FLINDERS: The Man who Mapped Australia,
by Rob Mundle, Hachette, 386pp. 

Reviewed: 19 January 2013

When I was reading this book, I was appalled to find that a couple of GenX liberal arts graduates from Australian universities had never heard of Matthew Flinders.

OK, it's timely to revise the history earlier generations were taught, in which everything was cast in terms of glorious expansion of the British Empire.  But it is sad that intelligent, humane, socially-responsible Australians have no idea how this country came to be what it is today.

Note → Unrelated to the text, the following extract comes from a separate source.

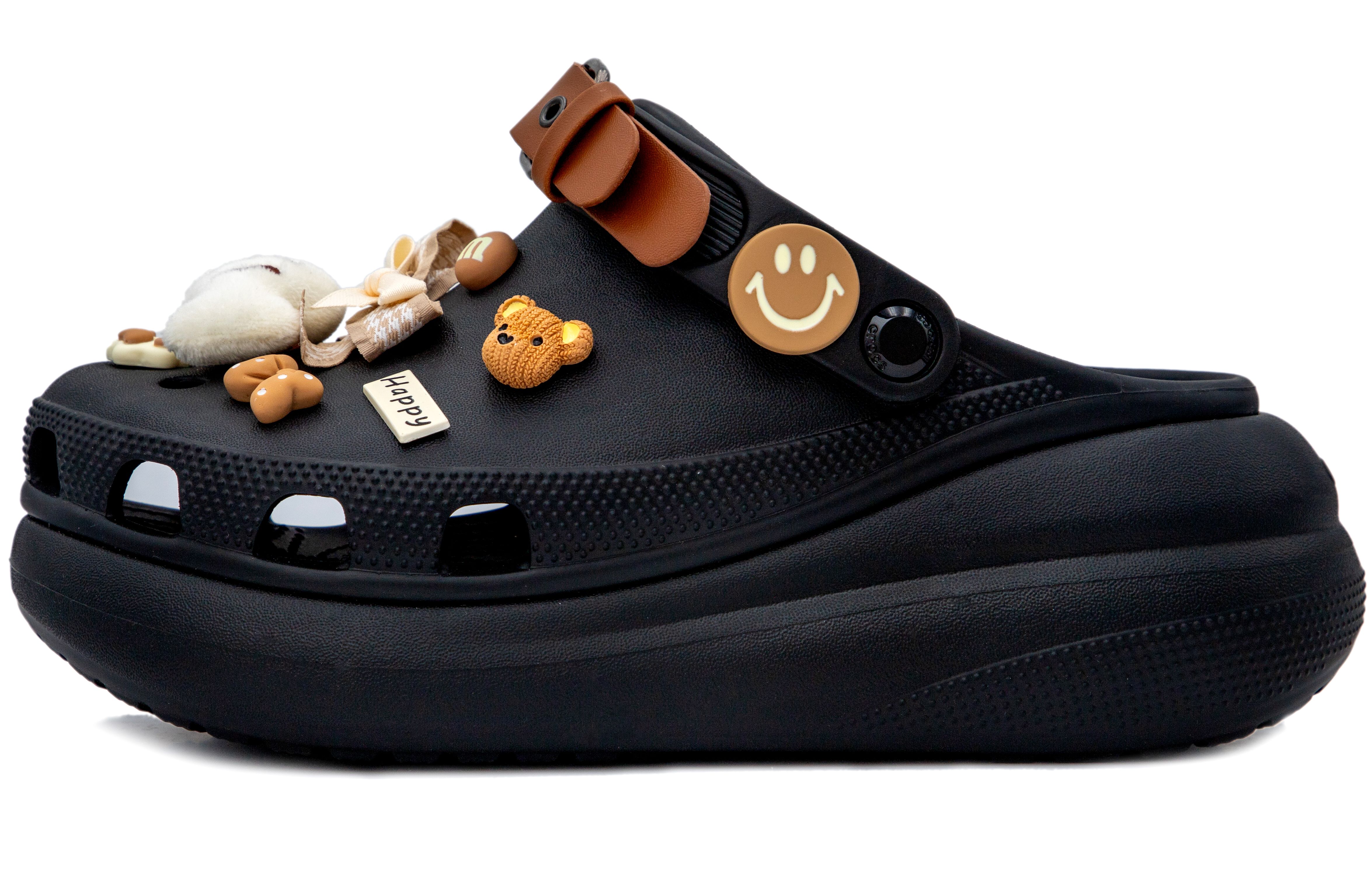 (Women) [Custom Shoes] Crocs Classic Crush Black Princess Style Casual Clogs for Women 207521-001 Black (Team241 - Young Girl)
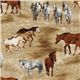 brown wild horses fabric by Robert Kaufman 1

If you don't know history, you are easily led into delusion.  That is why history needs to be written, and written again, and written again, so we know where we came from to inform choices on where we might go next and how to get there.  End rant.

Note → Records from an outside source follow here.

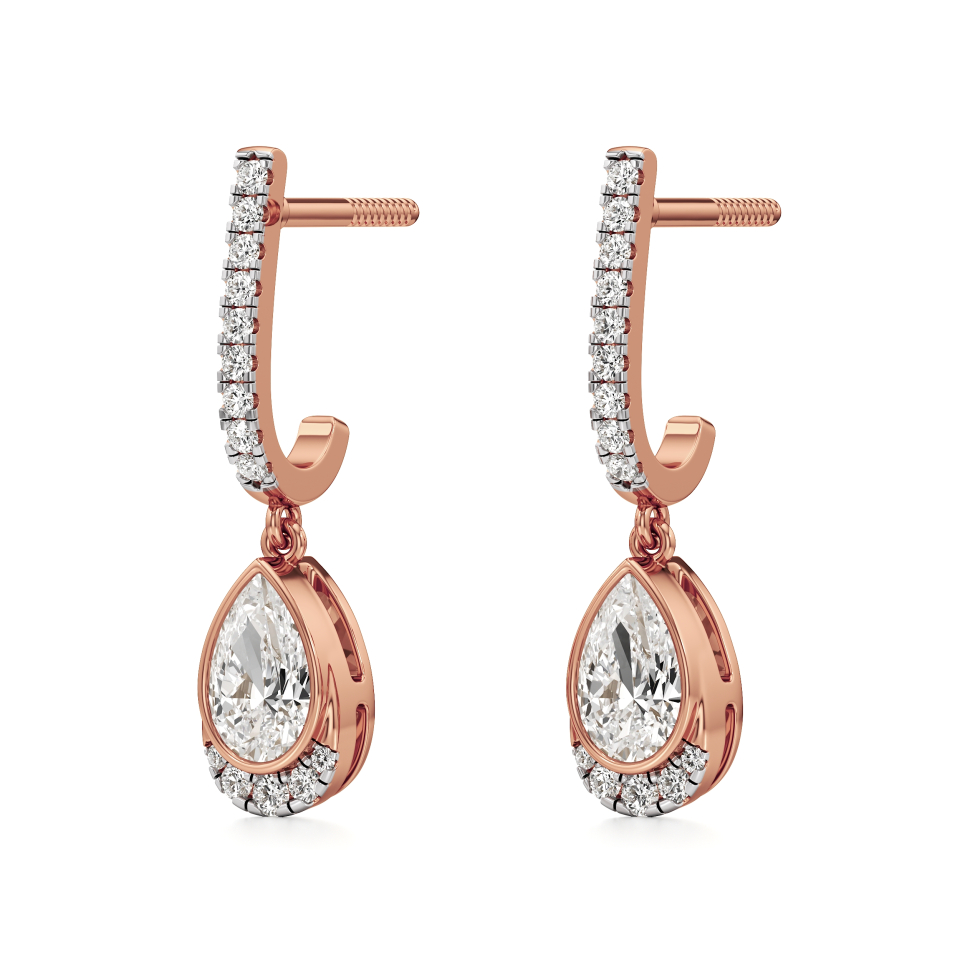 14k Rose Gold Water Drop Pear Dangle Earrings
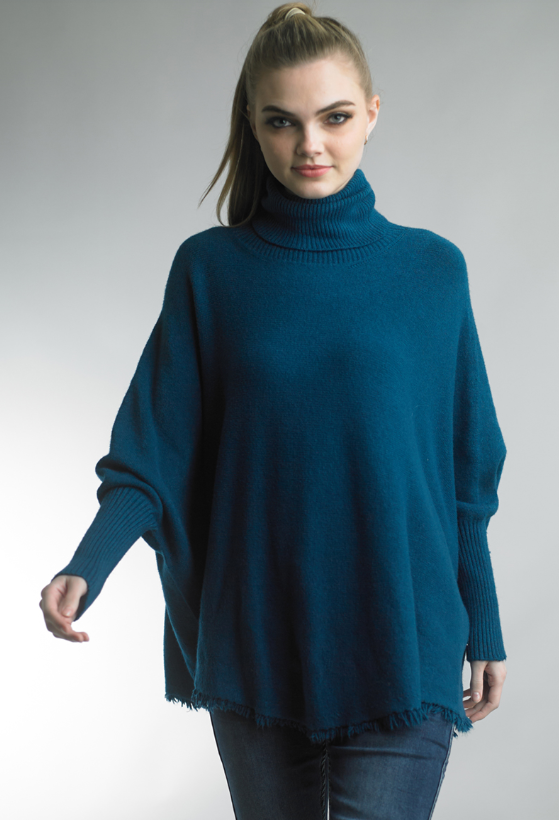 Tempo Paris Fringe Hem Sweater Teal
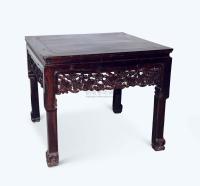 清 红木灵芝纹方桌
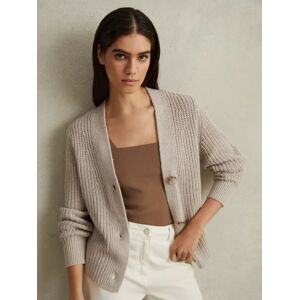 Reiss Ariana Cotton Linen Blend Chunky Rib Knit Cardigan - Neutral - Female - Size: XS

Matthew Flinders was one of a generation who harnessed the curiosity of the Enlightenment to the mercantile competition of European colonial empires.  The British seizure of Australia was a pre-emptive strike against their traditional enemy, the French, who were newly invigorated by the Napoleonic regime that followed their revolution.  It was an extraordinary period, in which French and British scientists helped each other in the cause of discovery, at the same time as their political and military masters were fighting for global dominance.

Flinders was inspired by a childhood reading of Robinson Crusoe.  He sailed with Captain Cook and also with Captain William Bligh, performing a series of intrepid exploratory voyages in small sailing boats around the uncharted coasts of Australia.

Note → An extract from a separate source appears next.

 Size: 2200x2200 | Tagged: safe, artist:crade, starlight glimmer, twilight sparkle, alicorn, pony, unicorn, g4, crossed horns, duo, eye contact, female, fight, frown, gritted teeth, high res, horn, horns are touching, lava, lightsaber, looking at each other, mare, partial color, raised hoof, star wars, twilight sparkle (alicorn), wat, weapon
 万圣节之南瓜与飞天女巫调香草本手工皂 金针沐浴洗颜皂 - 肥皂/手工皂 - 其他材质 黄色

It is hard these days to understand that several decades after the discovery of Tasmania (Van Diemen's Land), no European knew whether or not it was joined to the mainland (then called New Holland).  Sea routes were all hazardous, navigation always risky, so it was not unusual for sea captains to avoid uncharted waters.

The risks of coastal exploration were extraordinary. Wooden ships were often frail if not rotting, and always at the mercy of the weather. For much of Flinders' voyage around Australia, the planks of his ship Investigator were leaking up to fifty tons of seawater per hour, all of which had to be pumped out by hand.

Flinders also experienced what we now call “political risk”. With the assistance of  grand figures like Sir Joseph Banks, Flinders had obtained  official documents to grant him safe passage through French territories and ports, regardless of the bilateral circumstances. Unfortunately, by the time he was heading home to report his explorations, the French regime had been infested by a cohort of hyper-nationalists vying for the attention of Napoleon.

When Flinders' ship limped into Mauritius, he fell into the hands of  Governor Decaen, one of these 19th century neo-cons, who had been persuaded that France had a mission to extinguish the British colonisation of Australia.  Flinders was kept on Mauritius for six priceless years as a kind of hostage to Decaen's political ambitions.

When finally released, Flinders returned home with just enough strength to complete the massive 350,000 word account of his major expedition, dying within days of the publication of A Voyage to Terra Australis in 1814, aged forty.  His explorations had been completed before he reached the age of thirty.

Lessons for today include how Flinders' ambitions were at times given crucial support by well-placed sponsors, and at other times frustrated by political chicanery, negligence, or sheer bureaucratic inertia. It reminds that history is so often personal, and that in the competition of empires, Australia has never been the main game.